Was vom Filmjahr übrig blieb: Die Lieblingsfilme des Jahres 2019 der FM4 Filmredaktion.

Was bleibt über nach zahllosen Stunden im Kino und ebenso zahlreichen Diskussionen über Filme? Die FM4 Filmredaktion hat einen Blick zurück aufs Kinojahr 2019 geworfen und ihre Lieblinge gekürt. Es geht unter anderem an den Hof einer Königin, ins Jahr 1969, wir treffen schwer erziehbare Kinder, Skater und eine Lady on Fire.

The Favourite

Ja, Olivia Colman hat auch vor „The Crown“ schon eine Queen gespielt. Und was für eine! In „The Favourite“, dem 2019er Meisterwerk von alltime-Lieblingsregisseur Giorgos Lanthimos („Dogtooth“, „The Lobster“, „The Killing Of A Sacred Deer“), spielt Coleman eine launische, realitätsfremde und vom Reichtum verwöhnte Queen Anne.

Zwei ihrer Vertrauten buhlen um die Gunst der leicht zu manipulierenden Königin. Dass die beiden Frauen sind und der Film so auch eine queere Komponente erhält, ist auf jeden Fall bemerkenswert. Die Damen am Hof haben hier zwar nicht wirklich Hosen an (außer bei Schießübungen) aber im übertragenen Sinne auf jeden Fall, denn während die wenigen Männer am Hof wie eitle Gockel gekleidet von Entenrennen zu Entenrennen stolzieren, geben sich die Frauen im Film ein matriarchal-feministisch-kämpferisches Stelldichein.

Ein hochpolitischer Film also über eine zutiefst unpolitische Königin, über Intrigen, Liebe, nackte Tories und jede Menge Hasenbabys. All das und noch viel mehr hat „The Favourite“ in sich vereint – vor allem aber auch eine ordentliche Portion Spaß. Der vergeht uns nur in einer Szene so richtig, als die Königin von Fehlgeburten, nach der Geburt verstorbenen Kindern und einer tiefsitzenden Hoffnungslosigkeit berichtet. So schonungslos und einprägsam, spielt Olivia Colman diese Szene, dass der Oscar als beste Hauptdarstellerin fast schon eine zu kleine, zu unbedeutende Auszeichnung ist. Bester Film 2019! (Von Christian Pausch)

Szenenbild "The Favourite"

Centfox

Once Upon a time in Hollywood

Es soll ja Menschen geben, eventuell gar nicht so wenige, die Quentin Tarantinos neuen Film ganz unbefangen gesehen haben. Also ohne Kenntnisse über das Jahr 1969 und dessen dunkle Bedeutung in der Popkultur. Ich hab auch von Kinobesucher*innen gehört, die zuvor noch nie den Namen „Charles Manson“ gehört haben.
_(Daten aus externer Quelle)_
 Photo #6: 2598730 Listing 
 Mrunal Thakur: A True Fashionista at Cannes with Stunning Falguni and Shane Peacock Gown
Ob „Once Upon a Time... in Hollywood“ in diesem Fall wirklich funktioniert, wage ich zu bezweifeln. Ebenso wie Teile einer komplexen Serie, Marvel-Movies oder das Star-Wars-Universum lebt Tarantinos neunter Film von einem Referenzsystem und Vorwissen. Auf sentimentale, berauschende und auch kritische Weise verbeugt sich der Regisseur vor dem Mythos 1969, vor dem Hollywood dieser Ära und auch der eigenen Kindheit. Er lässt einen tragikomischen Leonardo Di Caprio und den besten Brad Pitt aller Zeiten durch das Nostalgie-Land driften.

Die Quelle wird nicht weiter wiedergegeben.